Dai Ngo April 8, 2021, 7:19 a.m. UTC | #16

On 4/7/21 5:58 PM, Olga Kornievskaia wrote:
> On Wed, Apr 7, 2021 at 6:50 PM <dai.ngo@oracle.com> wrote:
>>
>> On 4/7/21 2:40 PM, Olga Kornievskaia wrote:
>>> On Wed, Apr 7, 2021 at 4:16 PM <dai.ngo@oracle.com> wrote:
>>>> On 4/7/21 12:01 PM, Olga Kornievskaia wrote:
>>>>> On Wed, Apr 7, 2021 at 1:13 PM <dai.ngo@oracle.com> wrote:
>>>>>> On 4/7/21 9:30 AM, Olga Kornievskaia wrote:
>>>>>>> On Tue, Apr 6, 2021 at 9:23 PM <dai.ngo@oracle.com> wrote:
>>>>>>>> On 4/6/21 6:12 PM, dai.ngo@oracle.com wrote:
>>>>>>>>> On 4/6/21 1:43 PM, Olga Kornievskaia wrote:
>>>>>>>>>> On Tue, Apr 6, 2021 at 3:58 PM Chuck Lever III
>>>>>>>>>> <chuck.lever@oracle.com> wrote:
>>>>>>>>>>>> On Apr 6, 2021, at 3:57 PM, Olga Kornievskaia
>>>>>>>>>>>> <olga.kornievskaia@gmail.com> wrote:
>>>>>>>>>>>>
>>>>>>>>>>>> On Tue, Apr 6, 2021 at 3:43 PM Chuck Lever III
>>>>>>>>>>>> <chuck.lever@oracle.com> wrote:
>>>>>>>>>>>>>> On Apr 6, 2021, at 3:41 PM, Olga Kornievskaia
>>>>>>>>>>>>>> <olga.kornievskaia@gmail.com> wrote:
>>>>>>>>>>>>>>
>>>>>>>>>>>>>> On Tue, Apr 6, 2021 at 12:33 PM Chuck Lever III
>>>>>>>>>>>>>> <chuck.lever@oracle.com> wrote:
>>>>>>>>>>>>>>>> On Apr 2, 2021, at 7:30 PM, Dai Ngo <dai.ngo@oracle.com> wrote:
>>>>>>>>>>>>>>>>
>>>>>>>>>>>>>>>> Hi,
>>>>>>>>>>>>>>>>
>>>>>>>>>>>>>>>> Currently the source's export is mounted and unmounted on every
>>>>>>>>>>>>>>>> inter-server copy operation. This causes unnecessary overhead
>>>>>>>>>>>>>>>> for each copy.
>>>>>>>>>>>>>>>>
>>>>>>>>>>>>>>>> This patch series is an enhancement to allow the export to remain
>>>>>>>>>>>>>>>> mounted for a configurable period (default to 15 minutes). If the
>>>>>>>>>>>>>>>> export is not being used for the configured time it will be
>>>>>>>>>>>>>>>> unmounted
>>>>>>>>>>>>>>>> by a delayed task. If it's used again then its expiration time is
>>>>>>>>>>>>>>>> extended for another period.
>>>>>>>>>>>>>>>>
>>>>>>>>>>>>>>>> Since mount and unmount are no longer done on each copy request,
>>>>>>>>>>>>>>>> this overhead is no longer used to decide whether the copy should
>>>>>>>>>>>>>>>> be done with inter-server copy or generic copy. The threshold used
>>>>>>>>>>>>>>>> to determine sync or async copy is now used for this decision.
>>>>>>>>>>>>>>>>
>>>>>>>>>>>>>>>> -Dai
>>>>>>>>>>>>>>>>
>>>>>>>>>>>>>>>> v2: fix compiler warning of missing prototype.
>>>>>>>>>>>>>>> Hi Olga-
>>>>>>>>>>>>>>>
>>>>>>>>>>>>>>> I'm getting ready to shrink-wrap the initial NFSD v5.13 pull
>>>>>>>>>>>>>>> request.
>>>>>>>>>>>>>>> Have you had a chance to review Dai's patches?
>>>>>>>>>>>>>> Hi Chuck,
>>>>>>>>>>>>>>
>>>>>>>>>>>>>> I apologize I haven't had the chance to review/test it yet. Can I
>>>>>>>>>>>>>> have
>>>>>>>>>>>>>> until tomorrow evening to do so?

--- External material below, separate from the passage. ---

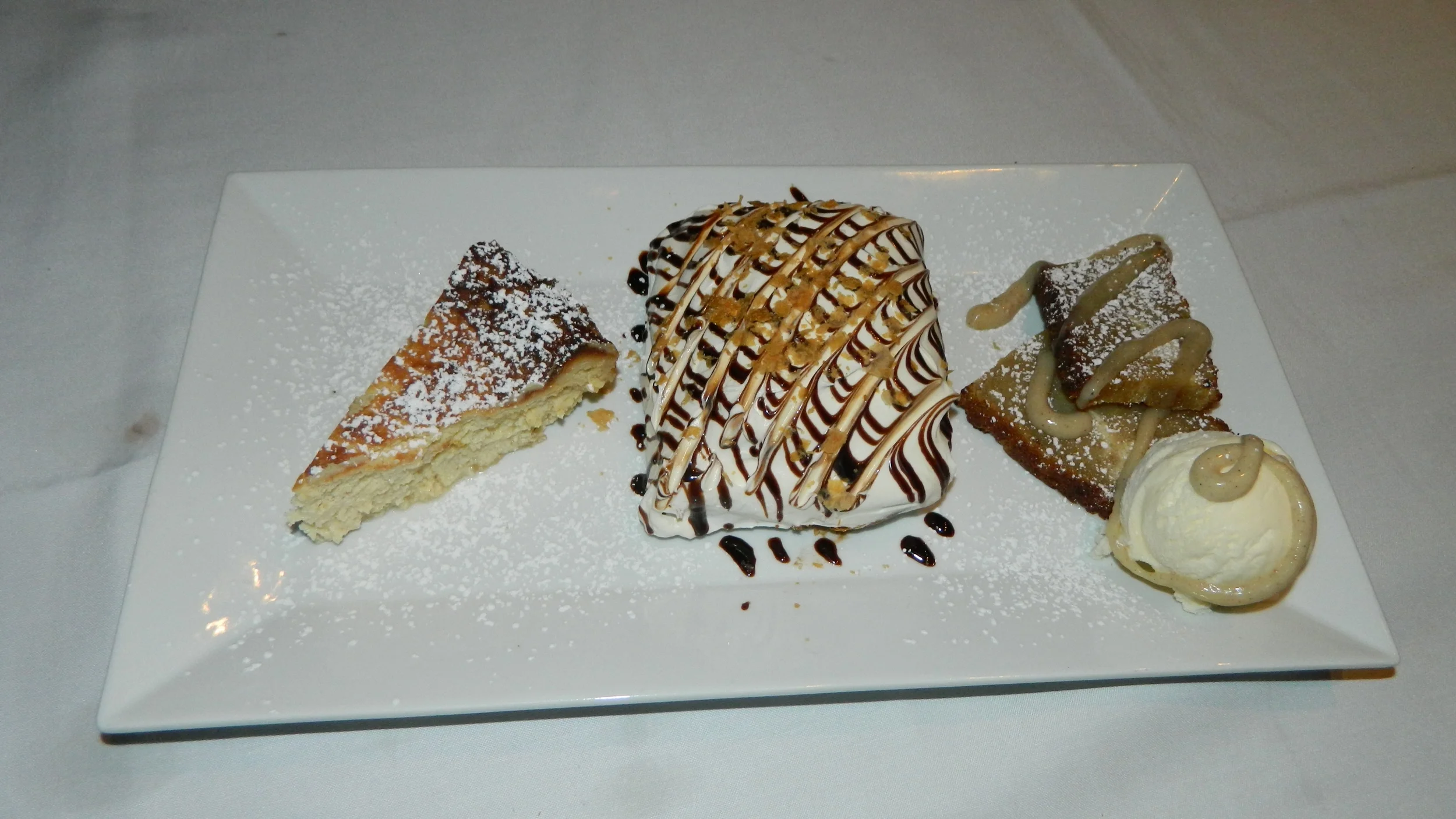 Italian cheesecake, Napoleon and banana bred pudding with vanilla ice cream.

>>>>>>>>>>>>> Next couple of days will be fine. Thanks!
>>>>>>>>>>>>>
>>>>>>>>>>>> I also assumed there would be a v2 given that kbot complained about
>>>>>>>>>>>> the NFSD patch.
>>>>>>>>>>> This is the v2 (see Subject: )
>>>>>>>>>> Sigh. Thank you. I somehow missed v2 patches themselves and only saw
>>>>>>>>>> the originals. Again I'll test/review the v2 by the end of the day
>>>>>>>>>> tomorrow!
>>>>>>>>>>
>>>>>>>>>> Actually a question for Dai: have you done performance tests with your
>>>>>>>>>> patches and can show that small copies still perform? Can you please
>>>>>>>>>> post your numbers with the patch series? When we posted the original
>>>>>>>>>> patch set we did provide performance numbers to support the choices we
>>>>>>>>>> made (ie, not hurting performance of small copies).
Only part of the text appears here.